As regras que o Ministério da Justiça quer impor através do novo estatuto profissional para aumentar a celeridade e a produtividade nos tribunais podem transformar os juízes numa classe funcionalizada e subserviente, avisa um magistrado. E aponta a norma “claramente inconstitucional” que prevê que os juízes passem a ter de obedecer a “legítimas instruções” do presidente da comarca em que trabalham ou do Conselho Superior da Magistratura, órgão que superintende à classe. Algo que seria perfeitamente normal na maioria das profissões, mas que no caso dos juízes é considerado grave por as garantias de independência do seu trabalho assentarem também no facto de serem, ao contrário dos procuradores, uma magistratura sem hierarquias.
“Este tipo de regras pode permitir afastá-los de certos lugares ou de certos processos, no caso de se revelarem incómodos”, refere o mesmo magistrado.
Manuela Paupério entende que a proposta do governo apresenta “soluções que pouco dignificam a classe” e explica que, o objectivo dos magistrados é “essencialmente a instituição de um suplemento da condição de juiz”. “Mas até isso nos foi negado”, lamenta, sublinhando que se deveria adequar o estatuto “aos nossos tempos”.

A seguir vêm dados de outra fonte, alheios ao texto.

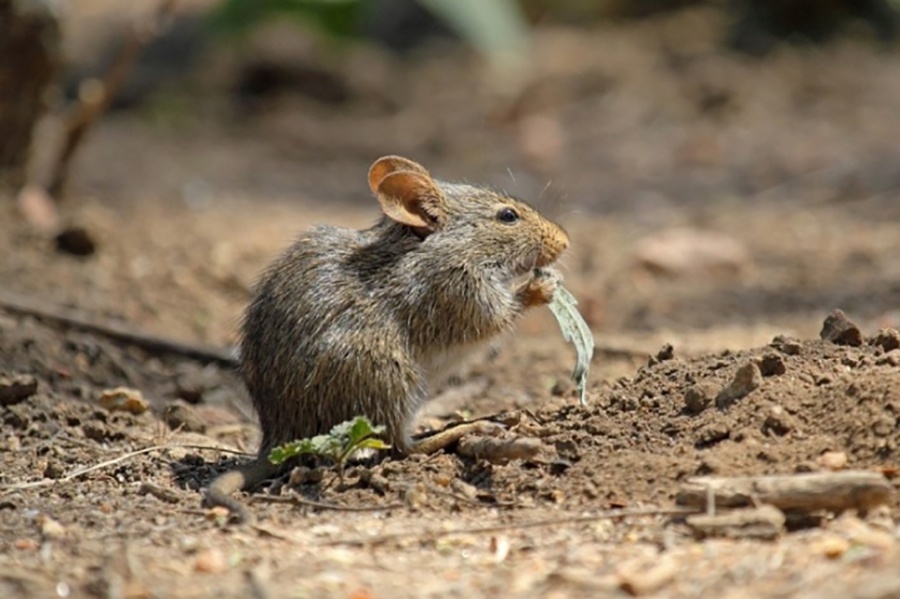 Травить не обязательно: пять проверенных способов избавиться от мышей в саду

O documento “não se coaduna com o tipo de juízes que temos” refere, e lembra que a profissão é de “exclusividade total e absoluta”. A dirigente critica ainda a redacção do estatuto, um aspecto que apesar de simbólico, “não é de somenos”. “O estatuto diz que os magistrados devem obediência a instruções do conselho presidente – ainda que a gente saiba que se está a falar das instruções no âmbito da gestão funcional e não do processo. O juiz só deve obediência à lei e à constituição”, aponta.